809YDChargeable gains accruing on sales of exempt property

(1)This section applies to an individual (“P”) if—

(a)a chargeable gain (but not a loss) accrues to a person on a sale of exempt property,

(b)but for section 809YA, section 809Y(1) would have applied to the property by virtue of the sale, and

(c)P is either—

(i)the person to whom the gain accrues, or

(ii)a person to whom a part of the gain is treated as accruing under section 13 of TCGA 1992 (members of non-resident companies).

(2)The relevant UK gain is to be treated for the purposes of this Chapter as if—

(a)it were a foreign chargeable gain of P, and

(b)in the case of section 809E, it were not part of P’s UK income and gains.

(3)Accordingly, if section 809F applies to P for the applicable tax year and P is not domiciled in the United Kingdom in that year, the relevant UK gain is charged in accordance with section 12 of TCGA 1992 as if it were a foreign chargeable gain.

(4)The relevant UK gain is—

(a)in a case falling within subsection (1)(c)(i), the gain accruing to P,

(b)in a case falling within subsection (1)(c)(ii), the part of the gain treated as accruing to P.

(5)The applicable tax year is —

(a)if section 10A of TCGA 1992 (temporary non-residents) applies in P’s case and the relevant UK gain is within subsection (2) of that section, the year of return as defined in that section,

(b)otherwise, the tax year in which the relevant UK gain accrues.

(6)In applying this Chapter to the relevant UK gain—

(a)treat the amount of any gains mentioned in section 809Q(4)(e) contained in the disposal proceeds by virtue of section 809YC(4) as increased by the amount of the relevant UK gain,

(b)disregard section 809U, and

(c)anything done in relation to any part of the disposal proceeds before the part is taken offshore or used to make a qualifying investment (or both) does not count as a remittance to the United Kingdom of any of the relevant UK gain.
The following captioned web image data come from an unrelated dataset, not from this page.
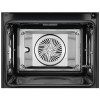 Vgradna pečica, ELECTROLUX 800 MealAssist with SteamPro, LOA9S3XZ
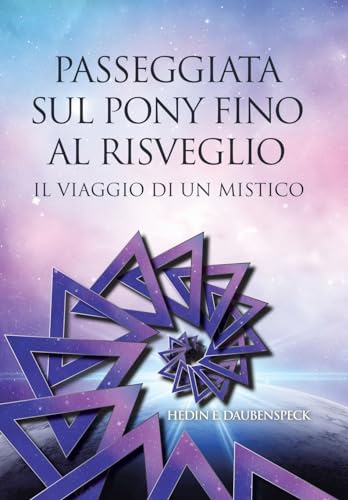 Passeggiata Sul Pony Fino Al Risveglio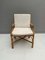 Rattan Chairs, Set of 6 6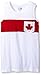 The Children's Place Boys' Canada Pocket Tank Top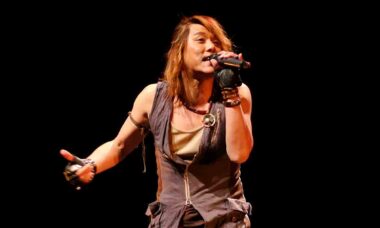 Nobuo Yamada. Foto: Wikimdia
(7)The relevant UK gain is to be treated for the purposes of the following provisions of TCGA 1992 as if it fell within the definition of foreign chargeable gains in section 12(4) of that Act—

(a)section 10A,

(b)section 12,

(c)section 14A, and

(d)sections 16ZB to 16ZD.

(8)This section has effect despite section 14A(2) of TCGA 1992.

(9)This section does not apply with respect to a chargeable gain if P gives notice to Her Majesty’s Revenue and Customs under this subsection.
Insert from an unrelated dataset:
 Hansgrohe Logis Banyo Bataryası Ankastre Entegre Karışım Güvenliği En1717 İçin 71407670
(10)A notice under subsection (9)—

(a)must be in writing and must identify the gain in question,

(b)must be given on or before the first anniversary of the 31 January following the applicable tax year, and

(c)may not be revoked after that first anniversary.

Application of Part 3

19The amendment made by this Part of this Schedule has effect in relation to exempt property that is sold on or after 6 April 2012 (including property sold pursuant to a contract entered into before that date so long as the contract only becomes unconditional on or after that date).